Having been bested by the little pink toilet, I chose to battle a weaker foe: the basement toilet. Quintessential to my swinging 60's finished basement resides a bland yet acceptable full bath. Slightly too short for me to shower in, but good enough for normal sized guests. This DIY toilet repair project not only ended better than the other, it forced my home into revealing some intimate details. In fact right now I’m typing this as a very nice man from Roto-Rooter is doing god-knows-what to my sewer system. Black goo bubbling up from the ground was the proverbial line in the sand for me, so I'd called a professional. But I digress, lets get back to the initial repair.
This toilet was squirting water out its rear end whenever you flushed. Funny, yes, but hardly convenient. After some quick internet research I surmised the proper solution was to replace the tank-to-bowl gasket. Thankfully this time the water shut off worked. I drained the tank, took it all apart, and then took advantage of the opportunity to clean all those hard to get places. I discovered not only was the old gasket in really bad shape, but it was also the wrong kind of gasket all together. I have Kohler toilets and they all use a weird 3 bolt gasket setup (apparently since the 1940’s or so right up until today).
Thankfully I had the correct Kohler gasket and it went on nice and easy. I reassembled the toilet and, fingers crossed, I flushed. No squirting water! I flushed a second time...what a beautiful sound that is. I. Am. Man. I am victorious! I stood back in amazement of a job well done. Then... I think 'hey what is that smell? That wasn't there before, this can’t be good.'
I followed my nose like a terrified bloodhound into the attached laundry room. There before me was the source of the smell. A pitch black primordial ooze. It was as if a small black-hole had ripped open in my basement. I don’t care if Bugs Bunny pops out of that thing, it's still not good news.

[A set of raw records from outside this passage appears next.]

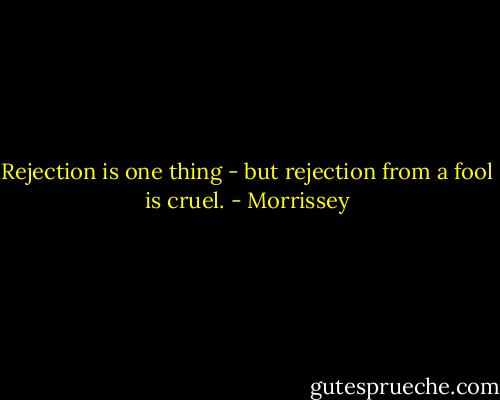 Rejection is one thing - but rejection from a fool is cruel. - Morrissey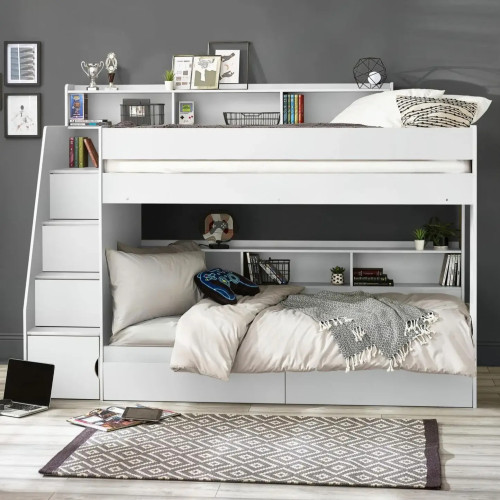 Camelot Staircase Bunk Bed white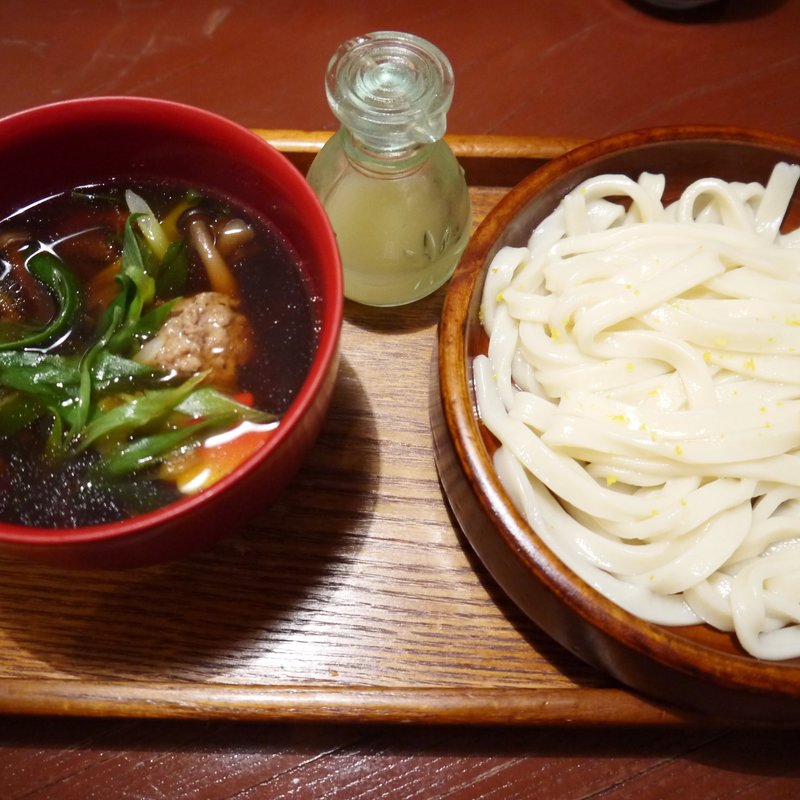 鴨ときのこ、九条ネギのつけうどん(おめんNIPPON （おめんにっぽん）)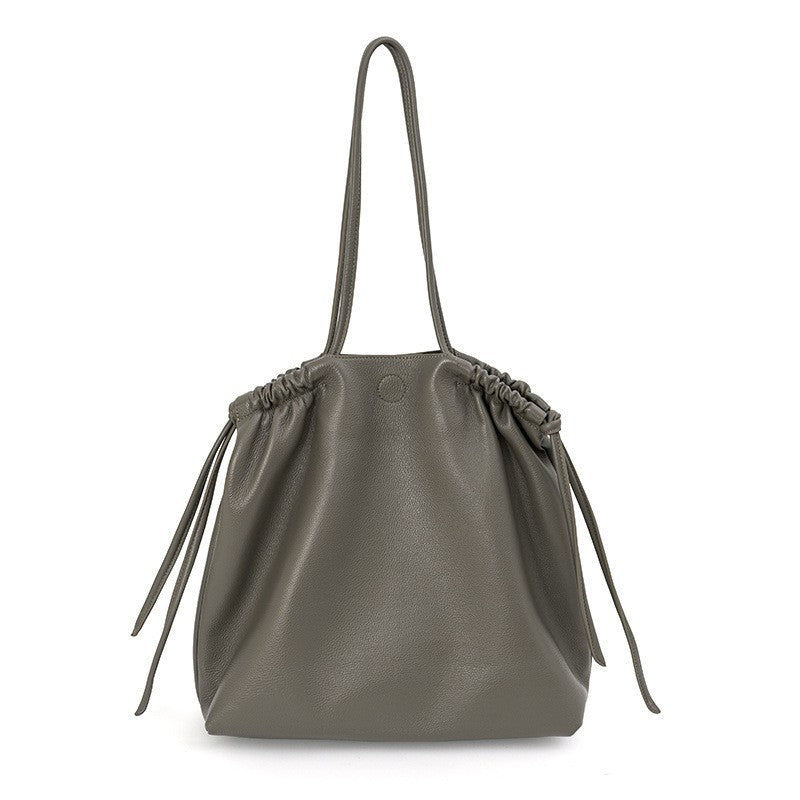 Japanese Inspired Casual One Shoulder Tote Bag Spacious Unique Design for Commuting Genuine Leather with Drawstring Closure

Here is where Roto-Rooter comes in. To my surprise they have a night and weekend service and they don’t charge extra. Big deal for a guy who’s down to his last pennies for a few weeks. Thirty minutes after calling I had someone at my house helping me out. Can’t say enough good things about Roto-Rooter guy. After explaining what he thought was going on he went to work fixing it. Never made me feel stupid for well, being stupid.
In my mind, I’m positive my house is under attack by hoards of small gremlins chewing their way in through the deep, dark and evil underground, intent on ruining my life...via my foundation. That or some tree roots are wreaking havoc. I’m wrong though, I come to find out the previous resident had been flushing baby wipes and “feminine products” as he said. Pretty much a universally bad idea.
Thankfully it was an easy fix for him and now I can say the score is tied Robert One, Toilet One.